A story from Oakland County, Michigan, shows the power of utilities in the future of metro-scale Wi-Fi, WiMax, and what have you: MichTel is to blanket over 900 square miles of Oakland County during a two-year build out that will involve what's reported here to be as many as 20,000 access points, but which the company expects to net out to be fewer as technology improves during their deployment.
The stumbling block they appear to not have reckoned with is the utility, DTE Energy, which owns most of the utility poles on which the access points will be mounted. Oakland County, this story says, is providing access to just 2,700 mounting points outside of the utility's poles.
Oddly, MichTel comes off as quite naive about a utility's interest in providing speedy access to their poles. MichTel's general manager said in this story, "DTE said we have to identify the pole, send the information to them. They have to send someone out to look at the pole. They haven't been able to give an answer on how long that will take. A day? A week? Weeks? All that impacts being able to start and finish in a reasonable amount of time."
Part of the Telecommunications Act of 1996 as interpreted by the FCC specifically requires that, in the absence of good-faith negotiations that proceed first, "a utility charges just, reasonable and nondiscriminatory rates for pole attachments." It's a pretty involved interpretation (read up on the overlashing provisions, for instance), and it primarily sets the groundwork for a way that an entity that is unable to get access to poles can complain to the FCC and have orders and sanctions issued against the offending entity.

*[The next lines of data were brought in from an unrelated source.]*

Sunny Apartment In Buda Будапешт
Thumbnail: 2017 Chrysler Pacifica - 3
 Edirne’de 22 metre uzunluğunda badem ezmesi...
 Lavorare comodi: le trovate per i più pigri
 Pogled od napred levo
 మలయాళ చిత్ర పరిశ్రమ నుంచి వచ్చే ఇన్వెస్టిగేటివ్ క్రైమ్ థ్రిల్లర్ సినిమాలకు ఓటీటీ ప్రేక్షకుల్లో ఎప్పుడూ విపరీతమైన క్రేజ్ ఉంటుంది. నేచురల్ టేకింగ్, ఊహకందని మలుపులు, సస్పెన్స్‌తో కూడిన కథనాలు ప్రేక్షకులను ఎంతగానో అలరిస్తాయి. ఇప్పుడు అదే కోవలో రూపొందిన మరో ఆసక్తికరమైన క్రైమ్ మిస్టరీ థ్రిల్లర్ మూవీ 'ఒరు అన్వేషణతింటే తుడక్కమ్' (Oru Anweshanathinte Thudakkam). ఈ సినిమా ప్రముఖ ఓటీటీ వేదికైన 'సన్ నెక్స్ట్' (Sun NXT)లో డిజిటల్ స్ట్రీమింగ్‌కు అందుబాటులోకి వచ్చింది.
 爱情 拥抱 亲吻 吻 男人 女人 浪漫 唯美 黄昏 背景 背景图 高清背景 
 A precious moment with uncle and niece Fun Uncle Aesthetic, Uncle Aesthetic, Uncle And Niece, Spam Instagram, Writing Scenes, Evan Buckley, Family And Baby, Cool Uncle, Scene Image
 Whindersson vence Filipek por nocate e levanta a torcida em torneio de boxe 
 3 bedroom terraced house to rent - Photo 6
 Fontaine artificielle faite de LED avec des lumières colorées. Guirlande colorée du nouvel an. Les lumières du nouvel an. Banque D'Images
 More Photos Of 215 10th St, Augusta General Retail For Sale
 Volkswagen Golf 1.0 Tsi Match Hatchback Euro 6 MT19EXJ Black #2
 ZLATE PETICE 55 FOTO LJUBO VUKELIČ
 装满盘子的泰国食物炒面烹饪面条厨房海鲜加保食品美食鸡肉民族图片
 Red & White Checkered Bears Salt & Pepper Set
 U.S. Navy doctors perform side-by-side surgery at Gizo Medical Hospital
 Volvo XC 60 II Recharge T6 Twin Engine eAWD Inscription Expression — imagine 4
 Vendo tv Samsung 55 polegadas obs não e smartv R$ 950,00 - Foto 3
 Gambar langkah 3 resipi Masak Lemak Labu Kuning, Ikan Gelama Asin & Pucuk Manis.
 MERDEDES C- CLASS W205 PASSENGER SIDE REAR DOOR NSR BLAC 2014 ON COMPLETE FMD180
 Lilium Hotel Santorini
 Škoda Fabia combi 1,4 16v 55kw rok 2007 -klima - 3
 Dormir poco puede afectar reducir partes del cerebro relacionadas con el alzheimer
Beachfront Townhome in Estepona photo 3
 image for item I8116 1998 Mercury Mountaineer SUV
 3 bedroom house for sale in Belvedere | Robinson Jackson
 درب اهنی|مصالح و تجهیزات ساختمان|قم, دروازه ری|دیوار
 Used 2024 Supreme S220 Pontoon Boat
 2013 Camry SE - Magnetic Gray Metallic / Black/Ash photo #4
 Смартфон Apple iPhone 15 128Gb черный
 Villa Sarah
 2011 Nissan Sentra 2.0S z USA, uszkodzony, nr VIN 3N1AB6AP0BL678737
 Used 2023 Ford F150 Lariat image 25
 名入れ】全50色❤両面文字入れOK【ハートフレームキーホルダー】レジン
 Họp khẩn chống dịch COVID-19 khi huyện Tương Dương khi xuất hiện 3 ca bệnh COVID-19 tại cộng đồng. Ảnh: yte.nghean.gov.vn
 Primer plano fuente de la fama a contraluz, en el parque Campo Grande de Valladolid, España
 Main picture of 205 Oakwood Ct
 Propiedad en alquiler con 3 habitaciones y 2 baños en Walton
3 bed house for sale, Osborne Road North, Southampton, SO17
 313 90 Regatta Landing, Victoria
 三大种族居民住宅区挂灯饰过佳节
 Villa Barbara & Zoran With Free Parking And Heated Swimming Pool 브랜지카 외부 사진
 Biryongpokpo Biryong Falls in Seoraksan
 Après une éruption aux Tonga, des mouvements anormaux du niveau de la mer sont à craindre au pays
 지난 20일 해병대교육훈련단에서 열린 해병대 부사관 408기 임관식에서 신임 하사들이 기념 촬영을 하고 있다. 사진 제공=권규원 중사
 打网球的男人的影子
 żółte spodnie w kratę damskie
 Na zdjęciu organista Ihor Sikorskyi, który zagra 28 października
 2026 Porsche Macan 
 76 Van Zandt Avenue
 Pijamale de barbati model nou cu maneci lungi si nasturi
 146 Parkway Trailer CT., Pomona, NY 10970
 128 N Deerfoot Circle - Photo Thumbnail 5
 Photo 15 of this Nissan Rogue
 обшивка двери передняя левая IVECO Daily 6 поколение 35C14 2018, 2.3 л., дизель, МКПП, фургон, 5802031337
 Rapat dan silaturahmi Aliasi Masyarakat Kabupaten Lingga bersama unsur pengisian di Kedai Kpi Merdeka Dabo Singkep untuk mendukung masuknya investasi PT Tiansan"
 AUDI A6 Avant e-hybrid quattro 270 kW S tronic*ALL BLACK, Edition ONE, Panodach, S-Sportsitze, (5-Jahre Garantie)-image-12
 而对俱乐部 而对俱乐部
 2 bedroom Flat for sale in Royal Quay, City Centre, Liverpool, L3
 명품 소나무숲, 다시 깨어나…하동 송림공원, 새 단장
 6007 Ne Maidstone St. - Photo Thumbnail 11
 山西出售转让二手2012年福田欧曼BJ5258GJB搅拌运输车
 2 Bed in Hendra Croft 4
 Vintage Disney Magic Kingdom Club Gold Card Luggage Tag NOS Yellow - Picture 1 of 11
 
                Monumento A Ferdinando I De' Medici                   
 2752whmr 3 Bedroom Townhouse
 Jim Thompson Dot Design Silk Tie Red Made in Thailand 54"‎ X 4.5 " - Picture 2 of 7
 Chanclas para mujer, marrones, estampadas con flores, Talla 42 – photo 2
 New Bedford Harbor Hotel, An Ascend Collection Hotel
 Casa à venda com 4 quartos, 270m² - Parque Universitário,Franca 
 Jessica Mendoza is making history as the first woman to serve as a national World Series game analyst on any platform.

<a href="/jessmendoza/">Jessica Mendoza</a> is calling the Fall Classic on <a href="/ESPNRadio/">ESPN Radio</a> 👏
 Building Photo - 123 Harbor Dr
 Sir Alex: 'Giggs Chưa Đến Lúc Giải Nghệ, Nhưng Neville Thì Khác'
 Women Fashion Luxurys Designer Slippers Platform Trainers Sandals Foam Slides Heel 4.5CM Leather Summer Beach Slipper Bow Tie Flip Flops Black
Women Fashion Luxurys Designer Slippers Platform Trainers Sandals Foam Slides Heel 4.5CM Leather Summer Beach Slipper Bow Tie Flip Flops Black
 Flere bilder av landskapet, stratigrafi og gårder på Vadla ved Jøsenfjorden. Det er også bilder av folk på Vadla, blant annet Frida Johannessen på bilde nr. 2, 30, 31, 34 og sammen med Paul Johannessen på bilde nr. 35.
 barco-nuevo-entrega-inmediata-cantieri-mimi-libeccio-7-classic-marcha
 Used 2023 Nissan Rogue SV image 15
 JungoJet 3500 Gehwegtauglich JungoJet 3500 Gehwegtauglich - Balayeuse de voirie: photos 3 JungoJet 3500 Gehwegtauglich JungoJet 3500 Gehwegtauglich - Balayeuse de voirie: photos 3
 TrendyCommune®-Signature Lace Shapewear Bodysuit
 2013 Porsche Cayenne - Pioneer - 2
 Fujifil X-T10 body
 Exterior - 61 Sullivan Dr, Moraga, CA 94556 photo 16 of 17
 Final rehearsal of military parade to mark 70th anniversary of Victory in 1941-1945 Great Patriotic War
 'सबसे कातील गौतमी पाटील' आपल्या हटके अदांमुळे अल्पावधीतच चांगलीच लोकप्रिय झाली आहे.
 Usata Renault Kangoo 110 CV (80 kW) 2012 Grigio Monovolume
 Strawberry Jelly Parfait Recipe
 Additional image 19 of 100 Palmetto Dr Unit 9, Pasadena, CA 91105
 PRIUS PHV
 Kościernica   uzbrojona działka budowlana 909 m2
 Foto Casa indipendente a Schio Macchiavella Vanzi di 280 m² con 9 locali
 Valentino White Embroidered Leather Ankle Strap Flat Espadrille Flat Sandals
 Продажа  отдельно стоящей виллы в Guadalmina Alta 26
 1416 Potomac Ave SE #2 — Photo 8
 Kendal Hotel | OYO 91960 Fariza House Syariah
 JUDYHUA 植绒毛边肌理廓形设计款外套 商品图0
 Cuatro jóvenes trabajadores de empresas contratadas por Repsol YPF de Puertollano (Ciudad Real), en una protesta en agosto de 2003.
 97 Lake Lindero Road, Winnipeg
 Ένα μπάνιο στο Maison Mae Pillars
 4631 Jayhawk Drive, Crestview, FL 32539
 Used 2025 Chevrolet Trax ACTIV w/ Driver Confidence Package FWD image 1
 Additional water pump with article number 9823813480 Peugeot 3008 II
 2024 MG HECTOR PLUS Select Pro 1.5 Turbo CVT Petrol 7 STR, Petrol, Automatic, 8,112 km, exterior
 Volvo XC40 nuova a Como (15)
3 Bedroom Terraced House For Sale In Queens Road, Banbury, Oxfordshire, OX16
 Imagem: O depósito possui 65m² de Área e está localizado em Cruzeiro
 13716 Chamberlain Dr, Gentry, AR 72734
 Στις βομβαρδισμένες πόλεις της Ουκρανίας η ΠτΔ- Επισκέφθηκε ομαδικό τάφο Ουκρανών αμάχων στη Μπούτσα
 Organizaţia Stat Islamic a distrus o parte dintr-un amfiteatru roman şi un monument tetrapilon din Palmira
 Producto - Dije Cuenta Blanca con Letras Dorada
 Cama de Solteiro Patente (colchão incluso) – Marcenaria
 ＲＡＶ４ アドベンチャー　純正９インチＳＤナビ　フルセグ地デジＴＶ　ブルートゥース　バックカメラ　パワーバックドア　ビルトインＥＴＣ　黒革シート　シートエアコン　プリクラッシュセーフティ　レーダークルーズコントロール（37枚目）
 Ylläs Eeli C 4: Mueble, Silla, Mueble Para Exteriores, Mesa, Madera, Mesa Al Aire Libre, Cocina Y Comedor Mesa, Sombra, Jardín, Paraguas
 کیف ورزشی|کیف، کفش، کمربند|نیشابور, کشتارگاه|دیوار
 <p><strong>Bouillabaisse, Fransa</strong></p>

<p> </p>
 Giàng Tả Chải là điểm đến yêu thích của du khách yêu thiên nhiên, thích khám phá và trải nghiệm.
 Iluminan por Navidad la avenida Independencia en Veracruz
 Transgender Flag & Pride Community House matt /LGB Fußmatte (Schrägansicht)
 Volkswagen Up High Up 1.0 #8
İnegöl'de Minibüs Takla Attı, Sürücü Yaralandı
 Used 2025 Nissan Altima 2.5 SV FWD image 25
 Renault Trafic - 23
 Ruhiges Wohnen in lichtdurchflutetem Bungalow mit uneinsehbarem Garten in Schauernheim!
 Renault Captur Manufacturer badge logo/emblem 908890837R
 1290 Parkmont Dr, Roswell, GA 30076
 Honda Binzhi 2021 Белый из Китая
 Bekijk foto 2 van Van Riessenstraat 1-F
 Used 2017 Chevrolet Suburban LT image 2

Because DTE Energy and other utilities don't routinely make available thousands of poles at a time, it doesn't seem unusual at all that they have neither a timetable nor an expedited process. In some cities, the requests for proposals (RFPs) for wireless networks lay out the attachment issues, describing what poles, buildings, and other facilities are available for mounting. Some cities own the utilities, which may make it easier for blanket contracts to be signed. In Philadelphia, three of the five contracts that EarthLink and the city have to sign involve utilities and mounting fees.
And, note above, the 1996 Telecom Act's order on poles only requires it be used as a backstop to negotiations that fail. A Wi-Fi or WiMax operator could negotiate a deal with a utility better than that defined in the FCC order. Pole access fees aren't meant to provide real profit to the entity that owns the pole, but to make it worthwhile to comply with the rules.
When Tacoma Power began work several years ago to build their fiber/coax infrastructure that became the Click! Network, they voluntarily ate the cost of replacing thousands of poles, and moved incumbent telco and cable wire at the power company's expense. Why? Because it was worth it to them to have the best pole infrastructure to support their new system, and to replace inadequate and patchily maintained poles. But this demonstrates the power of the incumbent, too, to make that sort of scale of activity happen when it's beneficial to them as well as their pole tenants.
Access to facilities and rights of way are what defined the franchise rules for cable companies to provide television service across the way, and franchises are perpetuated because they bring in recurring income to towns and cities. These new metro-scale wireless networks are a new form of de facto franchise in which the new operators will pay recurring fees and taxes of all kinds. Whether utilities will impede or streamline networks that rely on their infrastructure is an open question.